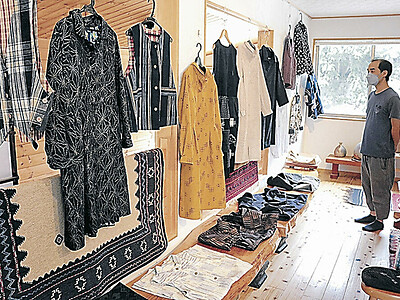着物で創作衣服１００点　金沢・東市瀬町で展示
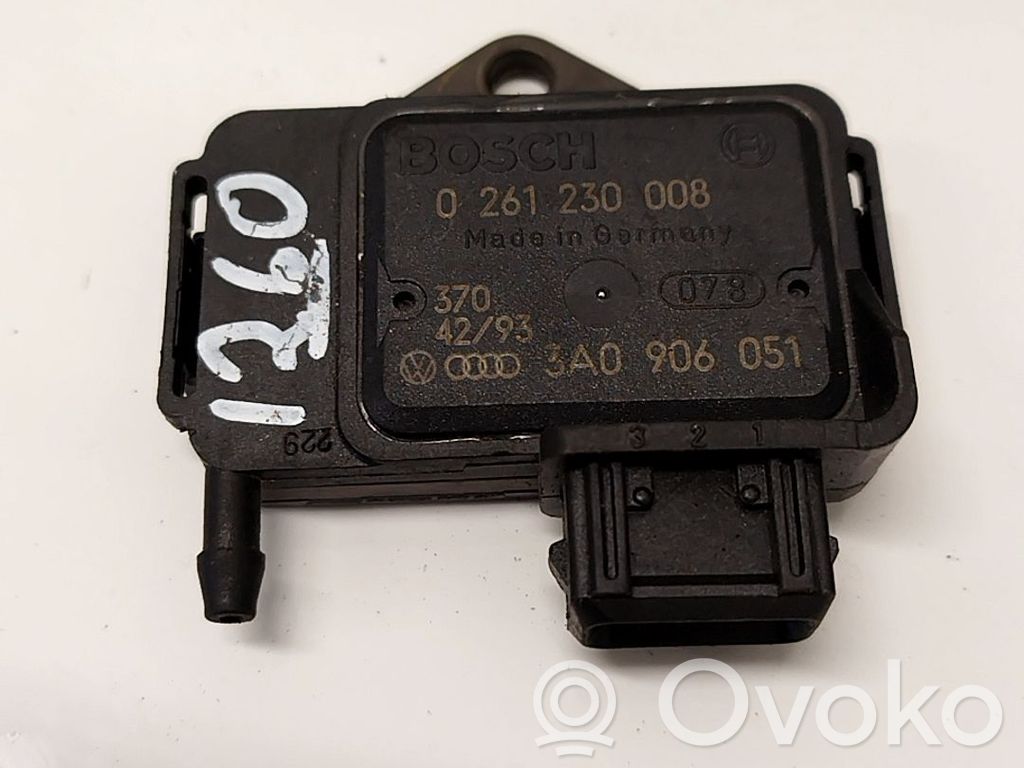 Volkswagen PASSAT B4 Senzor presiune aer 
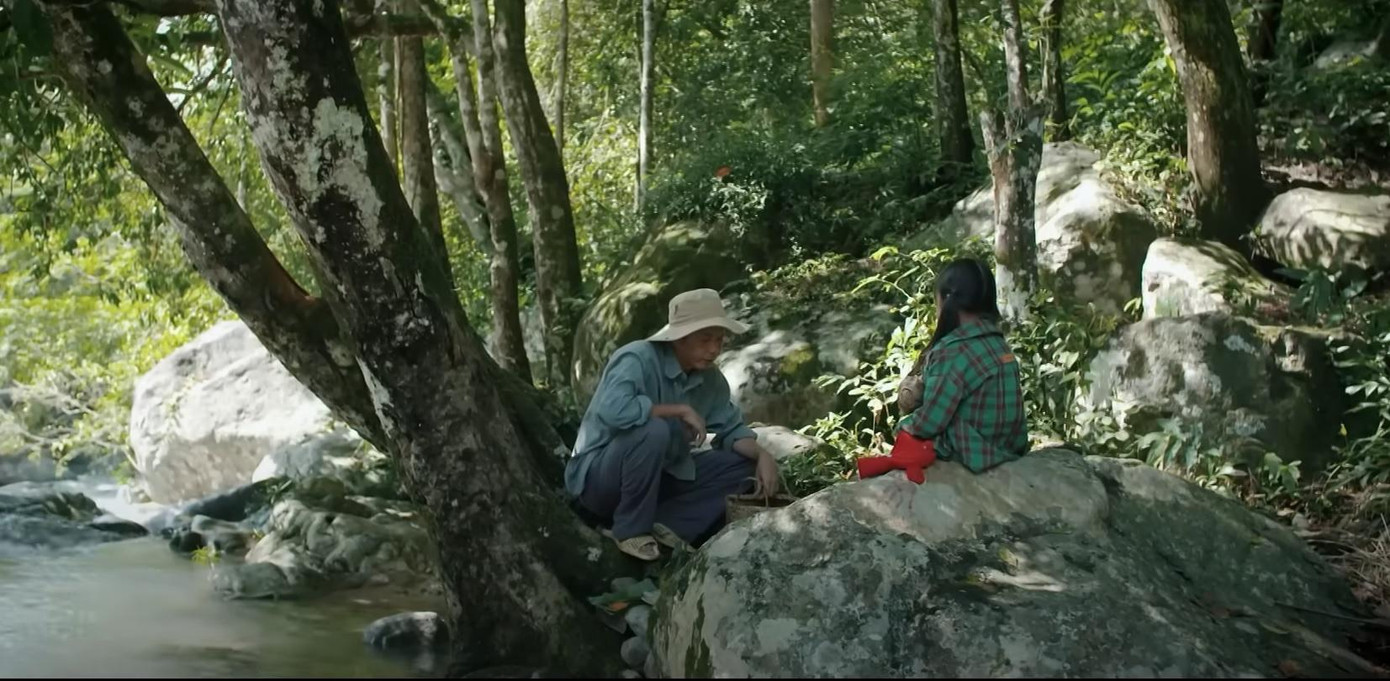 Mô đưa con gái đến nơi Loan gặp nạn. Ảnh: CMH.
▬▬▬▬▬▬▬▬▬▬
Without copying any picture, repeat the full listing above word for word.

ANSWER SECTION:
着物で創作衣服１００点　金沢・東市瀬町で展示
 Volkswagen PASSAT B4 Senzor presiune aer 
 Mô đưa con gái đến nơi Loan gặp nạn. Ảnh: CMH.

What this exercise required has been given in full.